Step 4 – Calculating the Total Annual Rent
To do this, all you need is to add up the annual rent value for all the leases. This will give you the total annual rent income generated by that property.
Step 5 – Calculating the Weighted Average Lease Term
Now that you have calculated the total weighted lease term and the total annual rent, you can calculate WALT using the following formula:
WALT (months) = Total Weighted Lease Term / Total Annual Rent
An Example of Calculating WALT
To make this easier for you, let’s make use of an example. Imagine you have a property with three leases:
Step 1 – Collect the Lease Information
Lease A: Remaining term = 20 months, Annual rent = $30,000
Lease B: Remaining term = 32 months, Annual rent = $35,000
Lease C: Remaining term = 38 months, Annual rent = $39,000
Step 2 – Calculate the Weighted Lease Term for Each Lease
Lease A: Weighted Lease Term = 20 months x $30,000 = 600,000
Lease B: Weighted Lease Term = 32 months x $35,000 = 1,120,000
Lease C: Weighted Lease Term = 38 months x $39,000 = 1,482,000
Step 3 – Sum up the Weighted Lease Terms
Total Weighted Lease Term = $600,000 + $1,120,000 + $1,482,000 = $3,202,000
Step 4 – Calculate the Total Annual Rent
Total Annual Rent = $30,000 + $35,000 + $39,000 = $104,000
Step 5 – Calculate WALT
WALT = $3,202,000 / $104,000 = 30.78 months
In this example, we can see that the Weighted Average Lease Term for the property is 30.8 months.

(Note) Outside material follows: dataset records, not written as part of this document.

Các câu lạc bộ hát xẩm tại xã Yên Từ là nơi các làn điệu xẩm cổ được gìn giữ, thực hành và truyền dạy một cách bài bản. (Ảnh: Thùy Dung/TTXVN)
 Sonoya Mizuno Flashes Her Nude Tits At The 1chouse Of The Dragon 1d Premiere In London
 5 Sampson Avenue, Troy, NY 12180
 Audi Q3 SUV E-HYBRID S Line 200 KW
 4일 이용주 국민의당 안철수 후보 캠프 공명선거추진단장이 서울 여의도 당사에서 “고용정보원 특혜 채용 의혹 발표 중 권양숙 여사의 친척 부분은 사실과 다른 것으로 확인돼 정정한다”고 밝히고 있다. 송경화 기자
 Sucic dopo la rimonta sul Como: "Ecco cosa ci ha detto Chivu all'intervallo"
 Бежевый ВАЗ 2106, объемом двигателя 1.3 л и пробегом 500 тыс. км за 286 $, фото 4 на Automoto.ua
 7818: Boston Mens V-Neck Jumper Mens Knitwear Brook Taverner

Let’s say you’re thinking about purchasing this commercial property. The WALT of 30.8 months indicates that, on average, the leases on the property will generate income for approximately 30.8 more months before they expire. That’s about 2 ½ years worth of income generation still available at the property.
Whether a property has a high WALT value or not is dependent on the type of property as well as the local market conditions. But, on average, over 5 years (WALT value of 60 or higher) is considered to be high. Therefore, your investment will take some judgment on your part. Though, as you can see, WALT can be an important metric that every real estate agent needs to be aware of.